Complex Media Attribution Challenges
AI-enhanced shopping experiences introduce new complexities around measurement that exacerbate existing challenges in retail media attribution. When transactions begin in conversational interfaces and are completed via various checkout systems, the conventional categorization of budgets tends to falter.
For example, if a shopper employs Perplexity to research “wireless headphones under $200,” receives AI-based recommendations, and ultimately completes a purchase through Shop Pay, which budget category does that sale belong to: “search,” “retail media,” or “affiliate”? Existing attribution frameworks were not designed for scenarios where transactions commence in a conversational format and finalize in retailer wallets.
This complexity isn’t merely about budget classification. Marketing teams will require new frameworks to monitor and optimize spending across conversational interfaces, especially as these platforms begin to develop their own advertising inventory. The intricacy increases further when an individual AI agent may source product details from various retailers, compare prices across different platforms, and facilitate transactions through entirely separate systems.
Even with EMARKETER’s projection hitting $25 billion by 2029, AI search advertising is expected to remain smaller than retail media in terms of absolute dollars. However, incremental growth in advertising—which is likely to trend upward post-2027—may increasingly favor AI-powered search as conversational interfaces emerge as primary discovery channels.

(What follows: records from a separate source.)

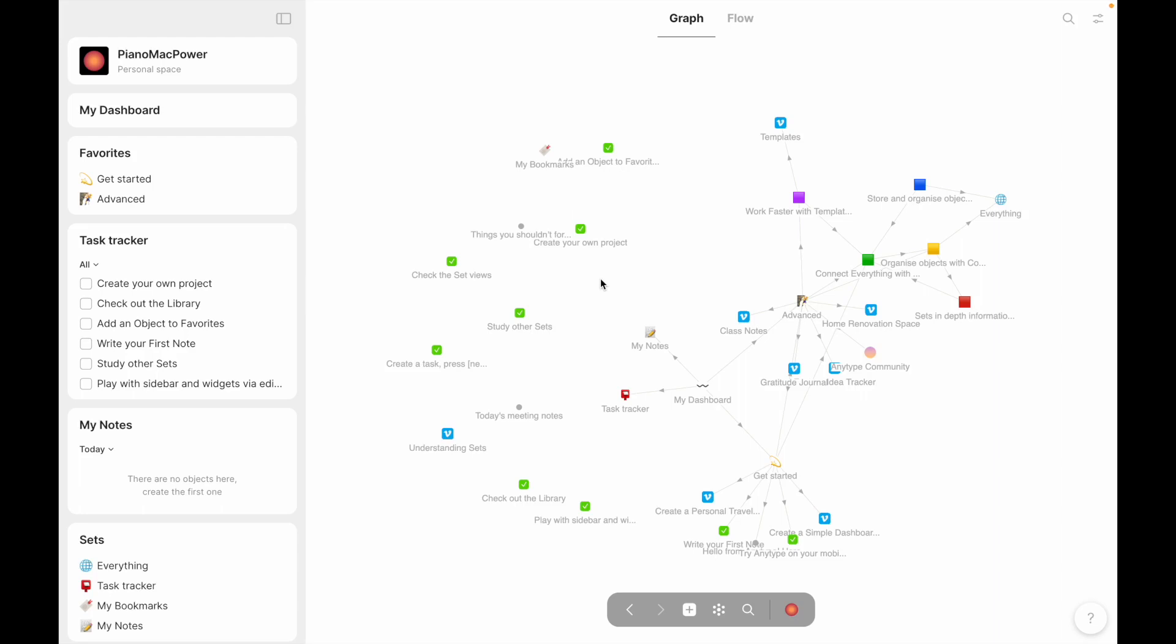Here we go. The new AnyType beta has been released, and it's been a little bit, but I'm back on track with my schoolwork. Most of it's done, so I thought I'd take a look and see what I can find and report my findings back to you guys.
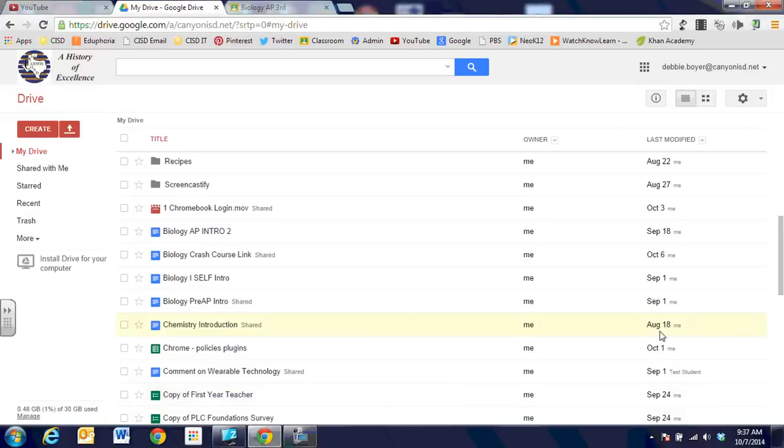Hi, this is Debbie Boyer and in this video segment we're going to talk about uploading video to Google Drive and then sharing it out through Google Classroom.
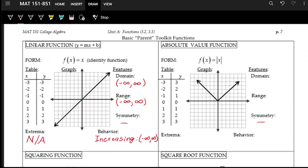For the absolute value function, it measures the distance a number is from zero — at the end of the day, it spits out positive numbers. If you plug in negative one you get positive one, negative two you get positive two. The domain is the same: you can plug in any number, from negative infinity to positive infinity. The range starts at zero — the lowest — and goes up to infinity, using a bracket at zero since we do get an output of zero.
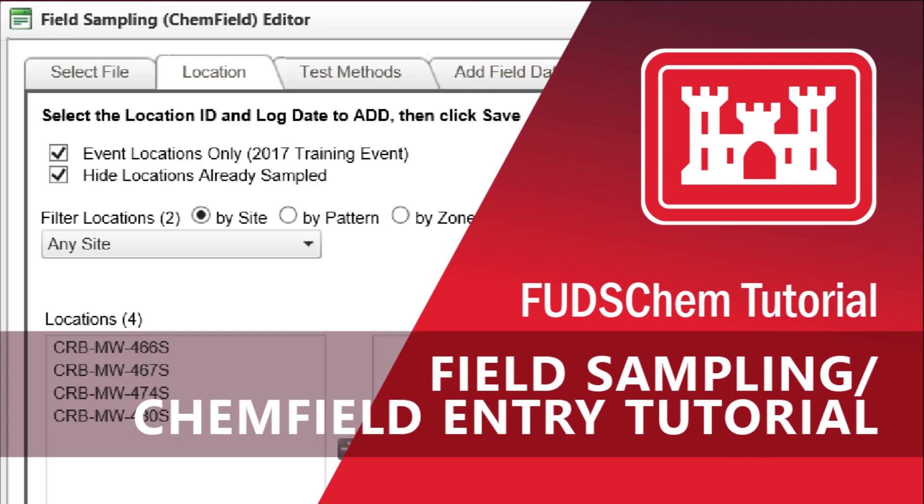This video will go over how to enter CHEM field files in FUDsChem. CHEM field files are digitized versions of the Chains of Custody, or CoCs, and are used to ensure completeness of lab deliverables later on. It is important to enter this information soon after sampling to prevent delays with lab data submission.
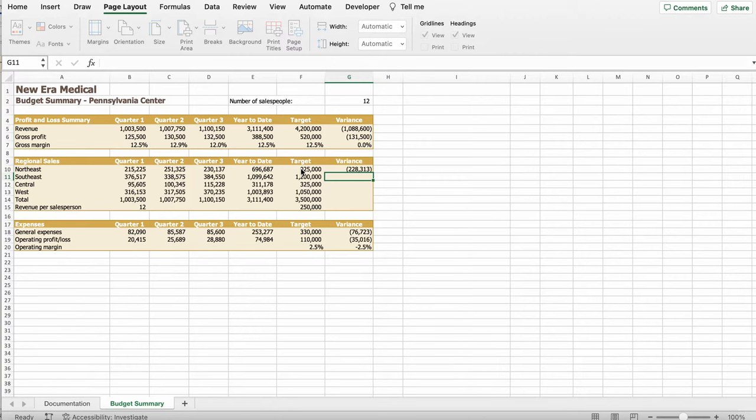Then it says, copy the formula in cell G10 and then paste it in the range cell G11 to G14, pasting the formulas only to find the variance for the other regions and for the total. So, what you're going to do is you're going to go to cell G10 and we're going to right-click and click Copy. Then you go to cell G11. You're going to have to do this each manually, okay? So you're going to right-click, paste, you're going to go to Paste Special, okay, and click Formulas. And it should pop it like that. You're going to go to the next one, right-click, Paste Special, and Formulas. Just repeat it until you get to G14. I mean, G15. So stop at G15. So keep going. So leave the last one blank. So this is how it should look like. You can see here.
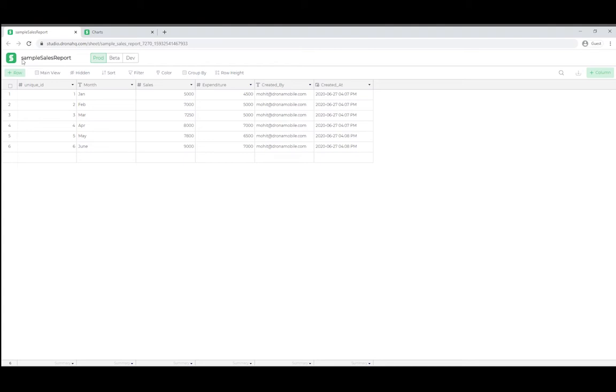I have already created a sheet called Sample Sales Report. It contains three primary columns: months, sales of that month, and expenditure of that month.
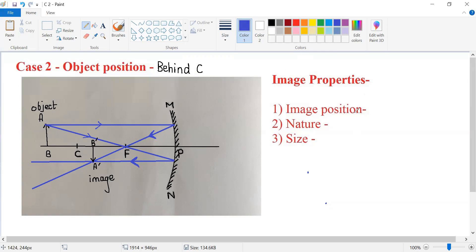What is the image position? The image is formed between the center of curvature and focus. The location of the image is between C and F.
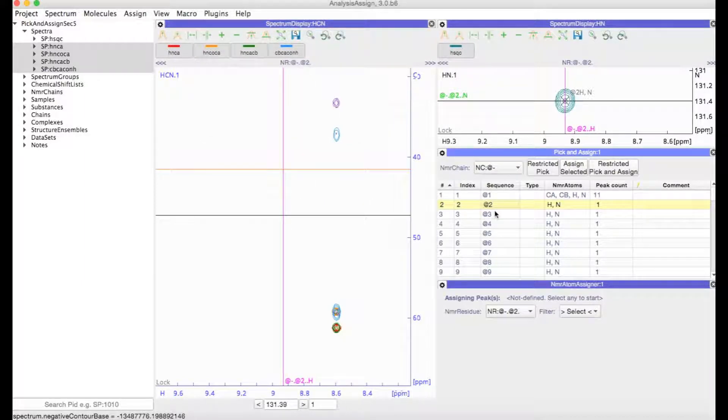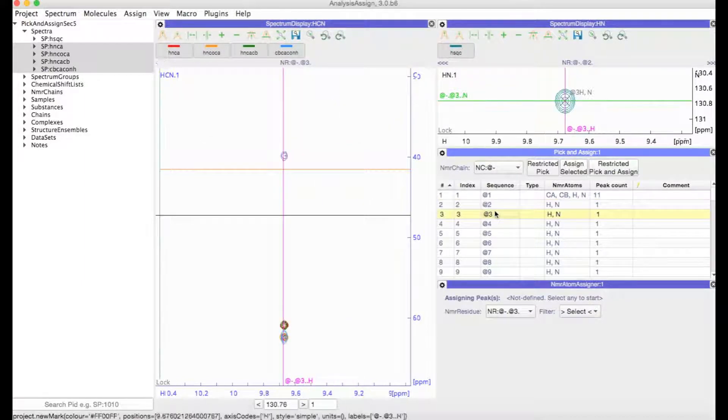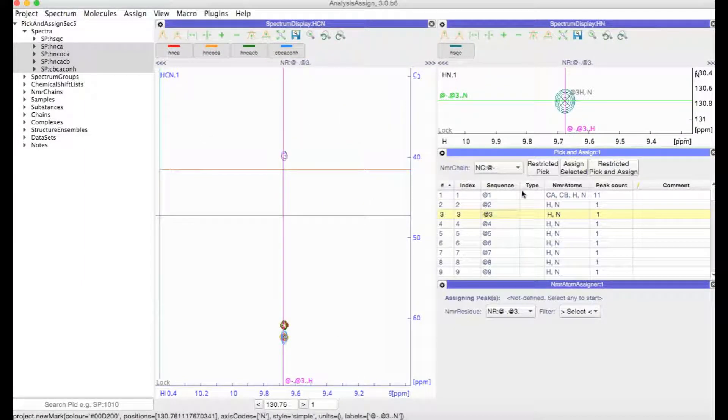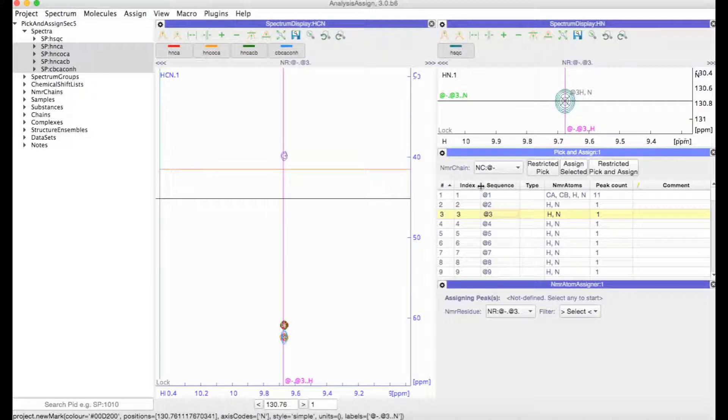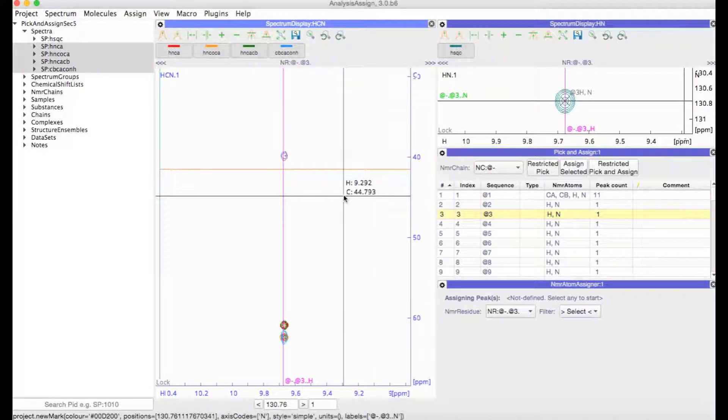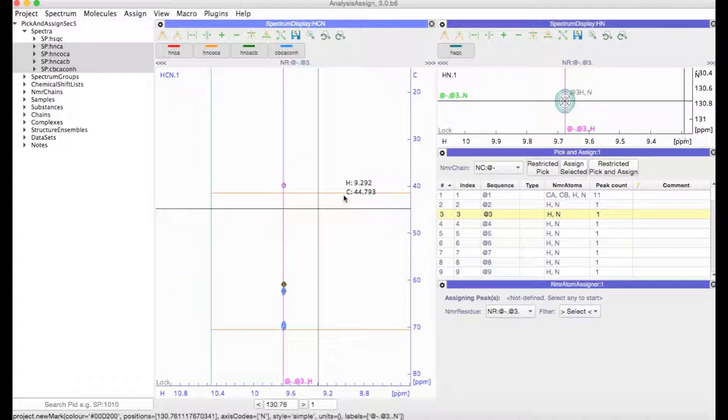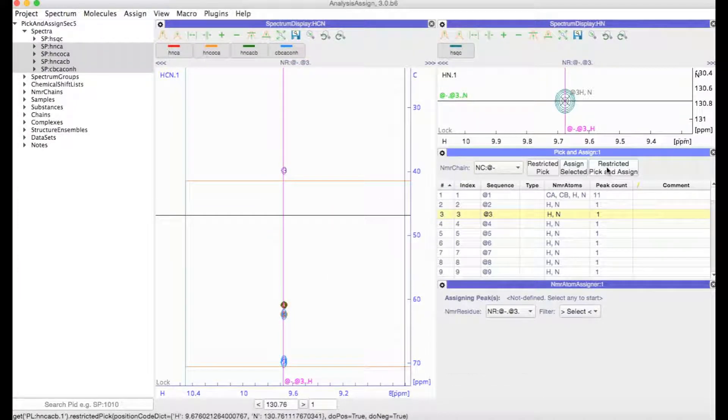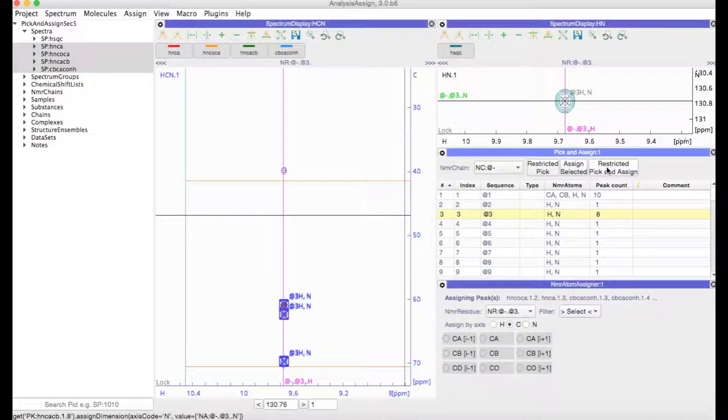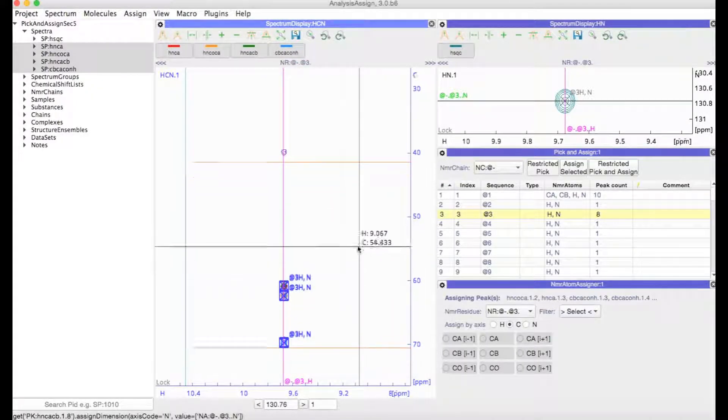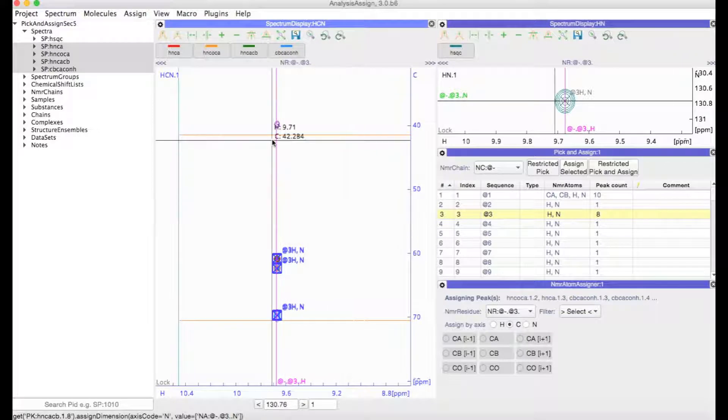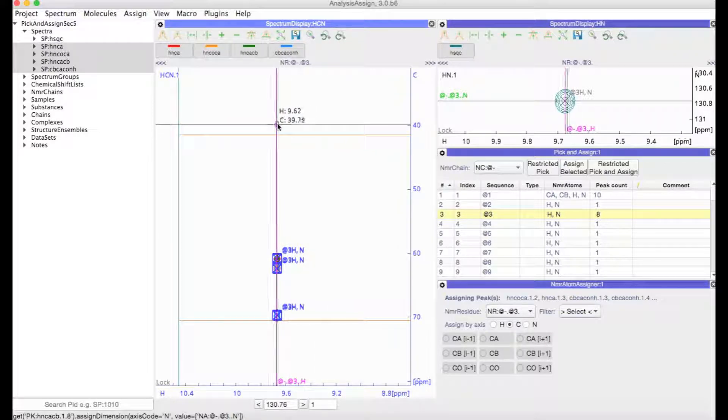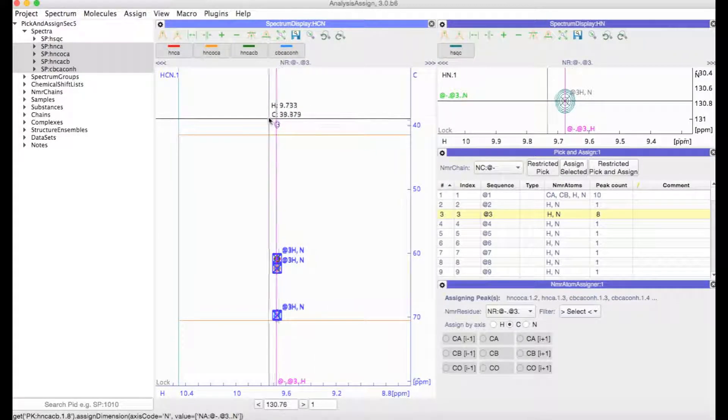So we can just move on to the next one. Now rather than separately clicking on restricted peak and then assign selected, we can do all of that just in one go by clicking on restricted peak and assign. You can see here this peak is just slightly off, so it hasn't picked it.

Preparing for the AI Search Advertising Revolution
The convergence of product-data feeds with AI search advertising presents first-mover advantages for brands willing to consider these systems as interrelated challenges rather than isolated issues. To thrive in this evolving landscape, there must be an alignment across teams traditionally siloed in product management, media buying, and technology systems.
The necessary technical infrastructure is quickly maturing beyond current offerings, with standards like Anthropic’s Model Context Protocol (MCP) emerging as what one might call a “USB-C for AI agents.” This protocol standardizes connections that expose products, inventory, loyalty programs, and transactional capabilities to compliant AI models. This innovation permits retailers to expand their participation across AI marketplaces without sacrificing customer data integrity or control over pricing.
As highlighted by Jason Goldberg, Chief Commerce Strategy Officer at Publicis Commerce, adaptability will be crucial. In his recent white paper, he states that the companies that succeed in the new AI search landscape will likely not be the loudest but the most agile. His analysis of disruptions in AI commerce suggests that brands should neither neglect optimizing their products for LLMs nor avoid engaging in pilot projects with emerging AI commerce partnerships.
The rationale behind EMARKETER’s $25 billion forecast becomes evident when considering the developments in infrastructure. Product feeds that once only catered to comparison shopping engines or retailer websites are now enabling conversational AIs to autonomously research, recommend, and finalize transactions. Coupled with increasing consumer adoption, the stage is set for the explosive growth predicted by EMARKETER.
Brands that integrate their product data management with their media strategy will be poised to capitalize as AI search advertising continues to scale. In contrast, those that choose to keep their AI initiatives apart from core commerce operations may find themselves at a competitive disadvantage as conversational search gains traction.